Molecular epidemiology of hydropericardium syndrome outbreak-associated serotype 4 fowl adenovirus isolates in central China

Twelve liver samples of chickens were collected from flocks with HPS outbreaks in 12 different regions of Henan, central China, and frozen at −20 °C. All samples were confirmed to be FAdV-4 positive by polymerase chain reaction (PCR) amplifying a 632-bp fragment (Named fragment I) with primers (Table 1) based on the polymerase gene of FAdV strain MX-SHP95 (GenBank No. KP295475.1).

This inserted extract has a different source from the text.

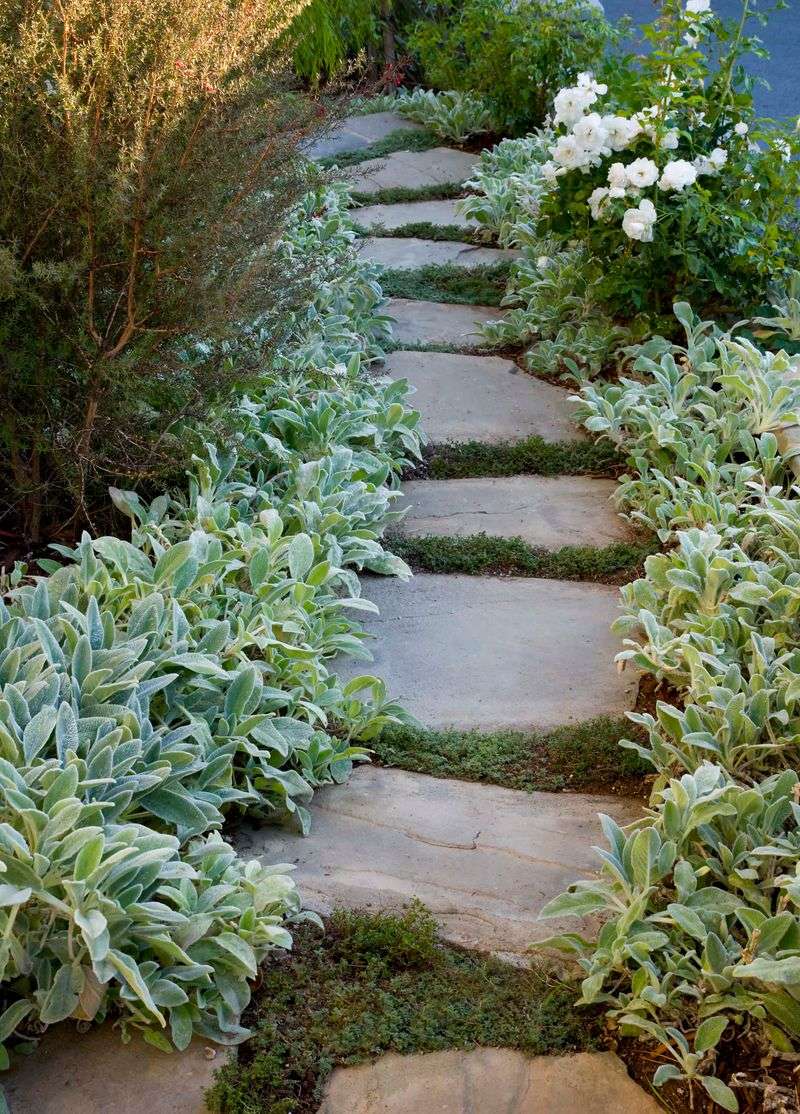 The Plant Spreading Along Your Fence Line Is Built to Creep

Reactions were performed according to the following protocol: 95 °C for 5 min, followed by 31 cycles of 95 °C for 30 s, 56 °C for 30 s, 72 °C for 50 s, and a final elongation step of 10 min at 72 °C. 24 reference FAdV strains and 12 outbreak-associated FAdV strains used for phylogenetic analyses were listed in Table 2.

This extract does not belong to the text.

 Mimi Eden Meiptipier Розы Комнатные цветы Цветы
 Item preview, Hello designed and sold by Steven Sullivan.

The presence of FAdV in each sample was confirmed by virus isolation followed by PCR. Initially, 5 mg of liver was cut into tiny pieces and fully ground in sterilized PBS (weight/volume = 1:3) under aseptic conditions. Following complete grinding, the suspension of liver tissue in PBS was frozen at −20 °C and thawed at 37 °C three times before centrifugation at 8000 rpm at 4 °C for 10 min. The supernatant was then collected, filtered through a 0.22 μm filter, and inoculated onto a confluent monolayer of CEF (chicken embryo fibroblast) cells prepared from 9-day SPF embryonated chicken eggs. After incubation for 1 h at 37 °C, 1.5 ml of DMEM media containing 2% fetal bovine serum, penicillin (100 U/ml), and streptomycin (100 μg/ml) were added to the 6-well cell culture plate. 72 h later, supernatants were collected and filtered through a 0.22 μm filter for DNA extraction. Genomic DNA from these field samples was extracted using TaKaRa MiniBEST Universal Genomic DNA Extraction Kit Ver.5.0 (TaKaRa, Dalian, China), and stored at −20 °C before use. Quantification and quality of DNA extracts were determined with a Nanodrop spectrophotometer (Thermo Scientific, USA).

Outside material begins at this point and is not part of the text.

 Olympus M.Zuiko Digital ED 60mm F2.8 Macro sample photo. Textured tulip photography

The hexon gene was divided into two fragments (Named fragment A and B) because of its long length in this study. Primers used for amplifying fragments A and B were designed according to the hexon genes of FAdV-4 strain MX-SHP95 (GenBank No. KP295475.1) and synthesized by Sangon Biotech (Table 1). PCR was performed in a Bio-Rad MyCycler Thermal Cycler. Fragments A and B were amplified in a 25 μl PCR reaction containing 1.5 μl genomic DNA (200–400 ng/μl), 0.25 μl Q₅ High-Fidelity DNA Polymerase, 0.5 μl dNTPs (10 mM), 1.25 μl forward primer (10 pmol/μl), 1.25 μl reverse primer (10 pmol/μl), 10.25 μl sterilized water, 5 μl 5X Q₅ Reaction Buffer, and 5 μl 5X Q5 High GC Enhancer. Two expected size of fragment A (1501 bp) and fragment B (1345 bp) were amplified using the following conditions: initial denaturation at 98 °C for 3 min; 31 cycles of denaturation at 98 °C for 10 s, annealing at 66 °C (for fragment A) and 57 °C (for fragment B) for 30s, extension at 72 °C for 80s; and final extension at 72 °C for 5 min. PCR products for each sample were visualized by electrophoresis in a 1.0% agarose gel containing ethidium bromide, purified according to the manufacturer’s protocol, using Universal DNA Purification Kit (TIANGEN, Beijing), and ligated into pEASY-Blunt Cloning vector using pEASY-Blunt Cloning Kit (TransGen Biotech) according to the manufacturer’s protocol. Upon transformation of each ligation reaction mixture into Trans1-T1 Phage Resistant Chemically Competent cells, a single colony was picked up and identified by PCR and restriction enzyme digestion before sequencing.

The respective bacterial clones harboring recombinant plasmids of fragment A and fragment B were sequenced by Sangon Biotech. Each sample was sequenced twice (one with the primers designed in this study and the other with the sequencing primers of the PEASY-Blunt Cloning Vector). The obtained sequences were edited using DNAStar software, and deposited into GenBank. Homology analyses to identify gene homologs were performed with the BLAST program (NCBI). Phylogenetic trees were constructed using MEGA software by the neighbor-joining analysis with 1000 bootstrap replicates, Maximum Composite Likelihood method. The phylogenetic datasets for analyses included 12 FAdV-4 isolates from this study and 24 reference strains (Table 2).